### What is being asked
Retype the whole listing exactly. Leave out pictures.

### Exercise data
********

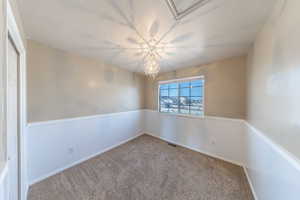 Bedroom 2 with a notable chandelier, baseboards, carpeted flooring.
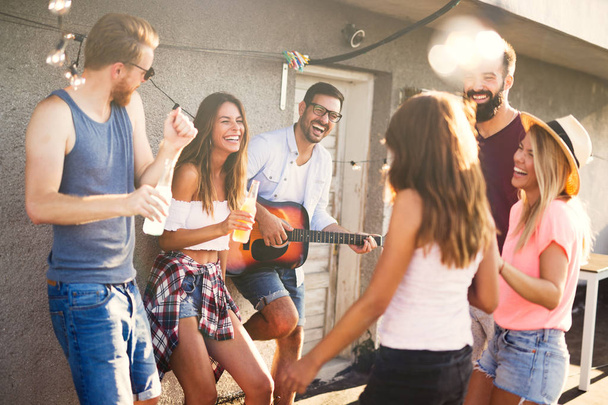 Groep van gelukkige jonge vrienden hebben feest op het dak - Foto, afbeelding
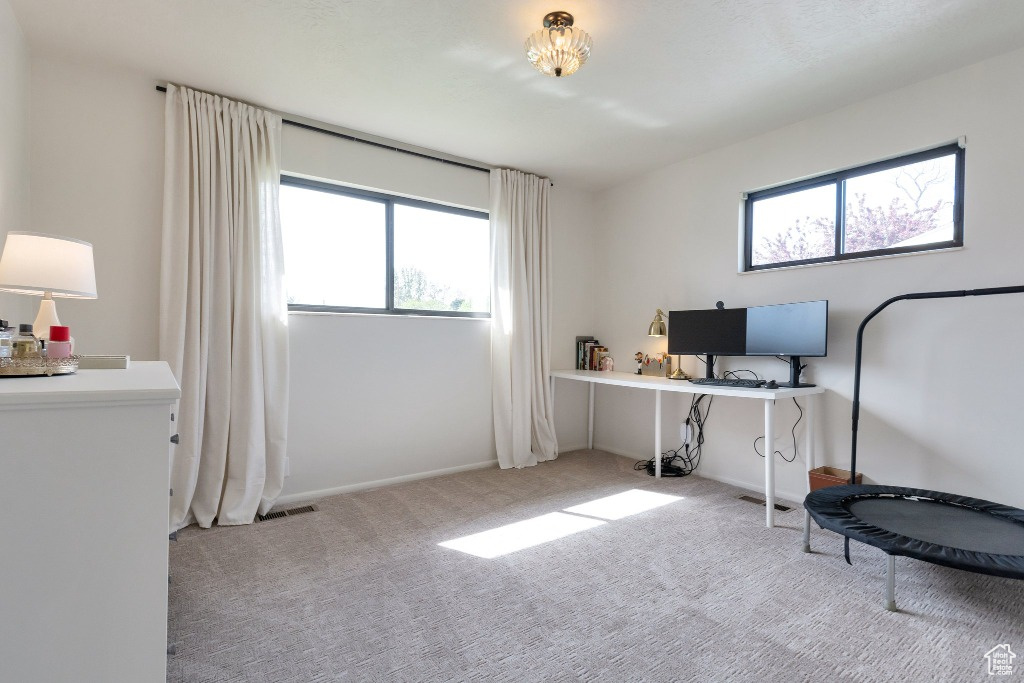 Carpeted office space featuring visible vents and baseboards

********

### Answer to this task
 Bedroom 2 with a notable chandelier, baseboards, carpeted flooring.
 Groep van gelukkige jonge vrienden hebben feest op het dak - Foto, afbeelding
 Carpeted office space featuring visible vents and baseboards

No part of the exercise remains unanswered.